### Extracted records
══════════════════════════════

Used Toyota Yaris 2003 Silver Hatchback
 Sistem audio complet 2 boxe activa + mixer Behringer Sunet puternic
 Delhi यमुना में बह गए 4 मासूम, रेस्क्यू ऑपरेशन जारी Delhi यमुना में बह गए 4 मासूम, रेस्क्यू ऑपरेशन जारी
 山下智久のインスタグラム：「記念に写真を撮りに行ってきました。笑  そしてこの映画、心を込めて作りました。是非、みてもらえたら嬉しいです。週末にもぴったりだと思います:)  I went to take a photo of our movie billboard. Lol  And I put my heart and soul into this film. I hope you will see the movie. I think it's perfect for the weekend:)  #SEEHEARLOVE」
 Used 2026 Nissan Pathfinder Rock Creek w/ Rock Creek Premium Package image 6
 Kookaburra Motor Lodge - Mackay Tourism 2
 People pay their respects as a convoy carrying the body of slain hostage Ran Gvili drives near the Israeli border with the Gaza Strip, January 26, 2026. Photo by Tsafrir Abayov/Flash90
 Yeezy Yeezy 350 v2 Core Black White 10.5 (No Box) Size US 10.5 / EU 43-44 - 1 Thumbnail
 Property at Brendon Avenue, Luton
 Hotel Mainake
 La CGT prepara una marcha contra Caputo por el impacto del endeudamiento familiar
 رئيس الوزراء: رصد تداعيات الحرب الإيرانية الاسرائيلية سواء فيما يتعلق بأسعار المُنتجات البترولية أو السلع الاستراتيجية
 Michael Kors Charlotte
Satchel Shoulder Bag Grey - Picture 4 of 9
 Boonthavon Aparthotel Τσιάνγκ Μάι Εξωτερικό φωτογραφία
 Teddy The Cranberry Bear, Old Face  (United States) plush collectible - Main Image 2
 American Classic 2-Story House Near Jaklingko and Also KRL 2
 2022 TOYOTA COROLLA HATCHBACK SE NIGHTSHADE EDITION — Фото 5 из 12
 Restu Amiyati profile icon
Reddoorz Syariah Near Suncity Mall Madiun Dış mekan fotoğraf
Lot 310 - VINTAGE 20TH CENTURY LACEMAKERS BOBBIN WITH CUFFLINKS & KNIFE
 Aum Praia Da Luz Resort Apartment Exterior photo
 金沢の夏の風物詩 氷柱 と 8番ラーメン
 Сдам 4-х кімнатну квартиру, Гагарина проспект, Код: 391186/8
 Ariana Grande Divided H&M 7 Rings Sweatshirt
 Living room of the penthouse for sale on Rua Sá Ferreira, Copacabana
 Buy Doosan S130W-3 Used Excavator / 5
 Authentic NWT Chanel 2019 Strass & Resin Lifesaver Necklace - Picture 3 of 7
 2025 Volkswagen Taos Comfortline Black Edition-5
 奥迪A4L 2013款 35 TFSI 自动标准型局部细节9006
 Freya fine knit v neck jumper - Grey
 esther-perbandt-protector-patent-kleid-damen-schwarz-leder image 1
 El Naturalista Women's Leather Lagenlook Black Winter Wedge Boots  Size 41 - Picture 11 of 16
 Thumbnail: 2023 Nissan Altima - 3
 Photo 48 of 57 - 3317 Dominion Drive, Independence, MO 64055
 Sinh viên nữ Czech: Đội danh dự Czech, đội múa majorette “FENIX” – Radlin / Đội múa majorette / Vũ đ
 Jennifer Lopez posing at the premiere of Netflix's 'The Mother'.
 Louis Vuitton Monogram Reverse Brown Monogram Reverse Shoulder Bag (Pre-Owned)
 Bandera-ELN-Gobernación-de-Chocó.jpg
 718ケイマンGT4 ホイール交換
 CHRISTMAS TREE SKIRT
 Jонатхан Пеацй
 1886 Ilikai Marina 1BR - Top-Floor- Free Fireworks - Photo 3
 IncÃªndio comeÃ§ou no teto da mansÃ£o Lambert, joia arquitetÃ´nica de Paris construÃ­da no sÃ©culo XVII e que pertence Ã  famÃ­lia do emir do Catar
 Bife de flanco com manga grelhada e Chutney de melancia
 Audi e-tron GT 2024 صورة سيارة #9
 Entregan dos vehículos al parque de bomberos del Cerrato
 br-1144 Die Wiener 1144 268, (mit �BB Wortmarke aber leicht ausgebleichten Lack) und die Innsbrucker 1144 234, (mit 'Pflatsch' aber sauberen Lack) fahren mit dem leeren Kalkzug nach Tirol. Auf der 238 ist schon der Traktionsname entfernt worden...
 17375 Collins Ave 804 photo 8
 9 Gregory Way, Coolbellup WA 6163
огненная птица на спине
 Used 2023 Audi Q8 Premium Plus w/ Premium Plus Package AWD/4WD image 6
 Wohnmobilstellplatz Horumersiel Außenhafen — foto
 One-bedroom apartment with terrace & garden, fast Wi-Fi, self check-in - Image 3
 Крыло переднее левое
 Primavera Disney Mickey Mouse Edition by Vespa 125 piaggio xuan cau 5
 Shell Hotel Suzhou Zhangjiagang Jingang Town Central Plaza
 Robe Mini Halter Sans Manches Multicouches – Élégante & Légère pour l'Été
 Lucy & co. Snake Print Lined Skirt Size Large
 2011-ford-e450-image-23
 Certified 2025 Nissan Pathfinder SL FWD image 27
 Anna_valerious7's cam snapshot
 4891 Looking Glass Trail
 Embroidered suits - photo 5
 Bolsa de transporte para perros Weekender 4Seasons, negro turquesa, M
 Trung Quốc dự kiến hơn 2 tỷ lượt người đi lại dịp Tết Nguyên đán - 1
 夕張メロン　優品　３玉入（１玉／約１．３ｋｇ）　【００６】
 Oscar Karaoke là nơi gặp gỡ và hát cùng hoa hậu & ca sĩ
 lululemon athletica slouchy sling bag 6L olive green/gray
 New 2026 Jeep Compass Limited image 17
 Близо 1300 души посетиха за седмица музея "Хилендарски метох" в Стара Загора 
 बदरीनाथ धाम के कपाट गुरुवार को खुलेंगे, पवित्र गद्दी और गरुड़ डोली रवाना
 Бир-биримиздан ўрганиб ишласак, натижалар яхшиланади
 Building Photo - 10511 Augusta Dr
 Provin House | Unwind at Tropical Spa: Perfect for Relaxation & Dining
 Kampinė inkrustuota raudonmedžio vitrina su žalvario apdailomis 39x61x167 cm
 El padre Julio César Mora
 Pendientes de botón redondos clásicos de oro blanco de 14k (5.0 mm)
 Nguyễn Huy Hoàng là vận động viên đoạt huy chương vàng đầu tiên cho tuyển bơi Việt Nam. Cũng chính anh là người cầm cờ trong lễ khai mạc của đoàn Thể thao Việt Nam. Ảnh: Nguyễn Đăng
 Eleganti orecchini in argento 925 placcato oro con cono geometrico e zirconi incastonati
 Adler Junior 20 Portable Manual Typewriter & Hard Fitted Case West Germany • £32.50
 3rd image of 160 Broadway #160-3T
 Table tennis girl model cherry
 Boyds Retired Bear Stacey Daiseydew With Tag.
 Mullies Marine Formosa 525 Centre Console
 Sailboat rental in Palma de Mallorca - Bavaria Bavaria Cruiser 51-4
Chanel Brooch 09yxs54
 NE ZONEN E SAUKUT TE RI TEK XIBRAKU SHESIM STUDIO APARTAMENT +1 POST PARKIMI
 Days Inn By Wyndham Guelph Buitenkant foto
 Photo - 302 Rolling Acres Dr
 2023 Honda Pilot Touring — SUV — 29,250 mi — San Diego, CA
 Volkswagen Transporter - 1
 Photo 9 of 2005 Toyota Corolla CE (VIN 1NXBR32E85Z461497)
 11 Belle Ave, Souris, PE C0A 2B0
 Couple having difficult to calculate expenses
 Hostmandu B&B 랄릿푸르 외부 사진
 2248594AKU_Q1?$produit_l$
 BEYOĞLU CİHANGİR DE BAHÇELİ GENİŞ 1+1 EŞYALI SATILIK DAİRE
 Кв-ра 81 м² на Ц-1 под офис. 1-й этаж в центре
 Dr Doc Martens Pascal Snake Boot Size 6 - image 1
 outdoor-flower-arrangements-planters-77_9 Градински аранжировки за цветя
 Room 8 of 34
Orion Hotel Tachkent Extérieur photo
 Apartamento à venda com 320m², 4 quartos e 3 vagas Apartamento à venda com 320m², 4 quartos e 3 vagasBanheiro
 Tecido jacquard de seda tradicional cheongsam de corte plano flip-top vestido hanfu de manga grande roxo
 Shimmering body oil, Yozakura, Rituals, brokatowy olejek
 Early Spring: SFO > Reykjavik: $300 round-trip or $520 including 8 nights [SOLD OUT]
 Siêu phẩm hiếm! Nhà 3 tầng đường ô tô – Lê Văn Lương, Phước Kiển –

══════════════════════════════

### WHAT YOU HAVE TO DO
All that should be written out is the stretch of lines above between the one holding "Бир-биримиздан ўрганиб ишласак, натижалар" and the one holding "Nguyễn Huy Hoàng", inclusive, exactly as given.

### EXERCISE OUTPUT
 Бир-биримиздан ўрганиб ишласак, натижалар яхшиланади
 Building Photo - 10511 Augusta Dr
 Provin House | Unwind at Tropical Spa: Perfect for Relaxation & Dining
 Kampinė inkrustuota raudonmedžio vitrina su žalvario apdailomis 39x61x167 cm
 El padre Julio César Mora
 Pendientes de botón redondos clásicos de oro blanco de 14k (5.0 mm)
 Nguyễn Huy Hoàng là vận động viên đoạt huy chương vàng đầu tiên cho tuyển bơi Việt Nam. Cũng chính anh là người cầm cờ trong lễ khai mạc của đoàn Thể thao Việt Nam. Ảnh: Nguyễn Đăng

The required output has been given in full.